A review by the New York City medical examiner’s office determined that six of the cases were attributable to errors in DNA profiles it generated from crime scenes in New York, according to a letter the office sent to the state panel.

Since the discovery of the errors at the national level, the New York State Police have changed their search parameters, finding additional errors.  State databases include profiles that do not meet requirements for inclusion in the federal database for reasons ranging from degradation of the sample to complex mixtures of multiple people.

In two of the errors discovered in the state database, analysts at the city’s medical examiner’s office made mistakes as they tried to discern a DNA profile from raw data.

“These revelations spotlight how human error can detract from the reliability of the testing process,” said Alan Gardner, the head of Legal Aid’s DNA Unit, which is challenging the city medical examiner’s methods for discerning DNA profiles in complex mixture cases.

At trial, prosecutors often highlight the strength of DNA evidence, expressing the unlikeliness that a person chosen at random would have the DNA profile linked to the crime scene.  Error rate, at times a much more relevant statistic, isn’t a popular topic.

“If we say there is a 1-in-10-quadrillion chance that someone else might have the same DNA profile, but there is also a 1-in-10,000 chance that there was a mistake in generating the profile, the only number the jurors should be paying attention to is the error rating,” said Dr. Krane, who was once on a forensic science commission for the State of Virginia and now consults with defense lawyers on DNA cases.

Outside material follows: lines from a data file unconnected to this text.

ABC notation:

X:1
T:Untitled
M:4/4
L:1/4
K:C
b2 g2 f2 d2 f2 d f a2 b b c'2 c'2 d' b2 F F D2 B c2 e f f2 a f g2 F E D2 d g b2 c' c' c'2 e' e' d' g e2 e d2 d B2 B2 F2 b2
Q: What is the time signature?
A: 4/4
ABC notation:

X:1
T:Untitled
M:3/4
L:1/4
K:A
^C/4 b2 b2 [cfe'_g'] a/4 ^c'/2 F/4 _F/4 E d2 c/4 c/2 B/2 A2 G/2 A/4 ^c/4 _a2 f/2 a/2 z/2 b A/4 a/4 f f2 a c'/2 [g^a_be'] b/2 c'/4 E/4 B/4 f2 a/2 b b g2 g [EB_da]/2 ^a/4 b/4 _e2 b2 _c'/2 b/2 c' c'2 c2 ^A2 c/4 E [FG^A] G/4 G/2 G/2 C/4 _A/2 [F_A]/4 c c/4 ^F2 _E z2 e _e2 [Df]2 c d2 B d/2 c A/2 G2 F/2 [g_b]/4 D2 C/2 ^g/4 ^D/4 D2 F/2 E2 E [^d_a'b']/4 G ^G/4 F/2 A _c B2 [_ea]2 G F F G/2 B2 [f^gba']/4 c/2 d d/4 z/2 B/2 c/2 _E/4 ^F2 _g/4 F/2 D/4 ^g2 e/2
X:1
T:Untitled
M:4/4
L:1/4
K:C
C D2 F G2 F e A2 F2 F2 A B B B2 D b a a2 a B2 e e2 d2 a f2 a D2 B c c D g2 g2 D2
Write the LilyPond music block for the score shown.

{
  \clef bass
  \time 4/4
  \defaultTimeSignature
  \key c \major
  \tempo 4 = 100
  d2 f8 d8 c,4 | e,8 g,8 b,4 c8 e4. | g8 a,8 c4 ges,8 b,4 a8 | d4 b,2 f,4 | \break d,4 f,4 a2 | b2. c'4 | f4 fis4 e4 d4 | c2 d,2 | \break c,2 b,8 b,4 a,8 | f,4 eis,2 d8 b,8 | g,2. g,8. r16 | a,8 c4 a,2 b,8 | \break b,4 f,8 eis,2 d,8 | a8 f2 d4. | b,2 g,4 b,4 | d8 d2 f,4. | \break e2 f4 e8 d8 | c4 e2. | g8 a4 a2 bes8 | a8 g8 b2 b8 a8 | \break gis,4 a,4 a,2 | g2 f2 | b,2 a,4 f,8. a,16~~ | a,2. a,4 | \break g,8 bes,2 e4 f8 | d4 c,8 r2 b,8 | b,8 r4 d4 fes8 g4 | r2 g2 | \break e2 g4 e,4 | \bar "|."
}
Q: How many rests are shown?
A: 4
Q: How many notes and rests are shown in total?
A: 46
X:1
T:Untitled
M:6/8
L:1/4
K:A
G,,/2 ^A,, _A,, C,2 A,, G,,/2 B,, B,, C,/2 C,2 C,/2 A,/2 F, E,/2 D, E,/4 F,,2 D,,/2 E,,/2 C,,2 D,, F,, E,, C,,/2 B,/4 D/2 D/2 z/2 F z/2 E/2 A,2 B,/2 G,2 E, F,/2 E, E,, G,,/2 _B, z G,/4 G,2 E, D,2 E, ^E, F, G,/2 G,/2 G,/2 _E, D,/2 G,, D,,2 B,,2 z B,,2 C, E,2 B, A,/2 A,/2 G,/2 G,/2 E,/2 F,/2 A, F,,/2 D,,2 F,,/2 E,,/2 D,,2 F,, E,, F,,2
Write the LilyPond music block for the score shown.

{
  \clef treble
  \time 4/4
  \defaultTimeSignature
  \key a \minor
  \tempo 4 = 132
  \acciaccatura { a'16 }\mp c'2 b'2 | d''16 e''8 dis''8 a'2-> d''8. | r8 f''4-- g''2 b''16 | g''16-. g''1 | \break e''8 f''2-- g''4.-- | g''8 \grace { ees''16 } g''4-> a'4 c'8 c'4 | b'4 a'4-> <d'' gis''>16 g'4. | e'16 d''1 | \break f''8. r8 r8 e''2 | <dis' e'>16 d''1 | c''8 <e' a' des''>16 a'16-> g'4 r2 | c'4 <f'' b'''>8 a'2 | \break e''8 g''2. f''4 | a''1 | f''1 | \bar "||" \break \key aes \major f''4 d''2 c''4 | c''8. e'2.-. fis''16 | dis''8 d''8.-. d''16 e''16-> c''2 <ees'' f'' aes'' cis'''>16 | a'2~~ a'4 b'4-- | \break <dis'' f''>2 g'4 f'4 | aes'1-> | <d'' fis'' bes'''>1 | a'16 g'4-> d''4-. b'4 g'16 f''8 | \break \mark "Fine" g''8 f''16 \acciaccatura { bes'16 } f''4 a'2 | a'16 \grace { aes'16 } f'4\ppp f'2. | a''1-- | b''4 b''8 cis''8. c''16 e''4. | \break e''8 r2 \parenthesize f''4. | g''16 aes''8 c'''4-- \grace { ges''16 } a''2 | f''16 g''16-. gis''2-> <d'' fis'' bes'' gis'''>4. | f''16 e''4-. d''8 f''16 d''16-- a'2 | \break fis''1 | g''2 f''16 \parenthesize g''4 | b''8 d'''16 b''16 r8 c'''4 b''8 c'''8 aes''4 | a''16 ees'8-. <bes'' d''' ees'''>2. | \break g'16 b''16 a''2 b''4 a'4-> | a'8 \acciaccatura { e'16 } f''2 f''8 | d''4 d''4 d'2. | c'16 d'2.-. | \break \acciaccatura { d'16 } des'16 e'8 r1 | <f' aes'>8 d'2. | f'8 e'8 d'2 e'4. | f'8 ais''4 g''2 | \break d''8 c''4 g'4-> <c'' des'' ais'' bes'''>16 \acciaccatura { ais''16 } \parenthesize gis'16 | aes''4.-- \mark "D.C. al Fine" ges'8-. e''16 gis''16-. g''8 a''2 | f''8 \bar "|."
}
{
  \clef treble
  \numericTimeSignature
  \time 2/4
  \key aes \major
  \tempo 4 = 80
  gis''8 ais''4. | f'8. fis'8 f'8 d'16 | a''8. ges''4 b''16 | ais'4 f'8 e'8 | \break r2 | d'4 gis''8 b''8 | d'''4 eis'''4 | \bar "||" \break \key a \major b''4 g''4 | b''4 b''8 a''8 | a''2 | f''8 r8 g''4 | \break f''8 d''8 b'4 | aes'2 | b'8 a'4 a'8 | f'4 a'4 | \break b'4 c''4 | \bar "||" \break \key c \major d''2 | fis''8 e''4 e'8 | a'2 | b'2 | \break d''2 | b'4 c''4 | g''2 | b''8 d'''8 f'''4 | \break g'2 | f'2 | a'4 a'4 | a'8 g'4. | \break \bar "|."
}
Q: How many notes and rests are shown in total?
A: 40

Other than New York, it is unclear whether other states are undertaking an audit of their DNA databases.  At the national level, there has not been a full accounting of mistaken cases, which defense attorneys and former lab scientists find a troubling fact.  While the F.B.I. administers the software linking the state and federal DNA databases, it knows little about the actual profiles.

“We don’t have oversight,” said Dr. Isenberg, of the F.B.I. Laboratory. “It’s up to the labs…”

Barry Scheck, a co-founder of the Innocence Project and a member of New York’s new Forensic Science Commission, said in an interview, “It’s hard for [the FBI] to dictate what follow-up the state and local authorities will undertake.”

Bruce Budowle, a former F.B.I. scientist now at the University of North Texas’s Health Science Center, said, “For the FBI to say, ‘It’s the states’ problem’ and that’s the end of it, that’s the ostrich burying its head in the sand and not contributing to improvement of the process.”

Scheck added that the errors underscored the need for information-sharing among entities in the criminal justice system to ensure that evidence receives consideration even if someone has already been convicted.  One of the errors involved the analysis of DNA found on a gun that had been handled by several people and was used in a Bronx shooting in 2010.

Marc Outram was indicted on the basis of eyewitness testimony from a police officer, even though his DNA profile conflicted with the mixture found on the gun.  Following the error, the authorities re-examined the mixture and discerned a different DNA profile.  The results again excluded Outram and the new profile matched another person in the database.  Bronx prosecutors plan to drop the charges, said Steven Reed, a spokesman for the Bronx district attorney’s office, adding that the case was “going to be dismissed for reasons other than the problem with the DNA profile.”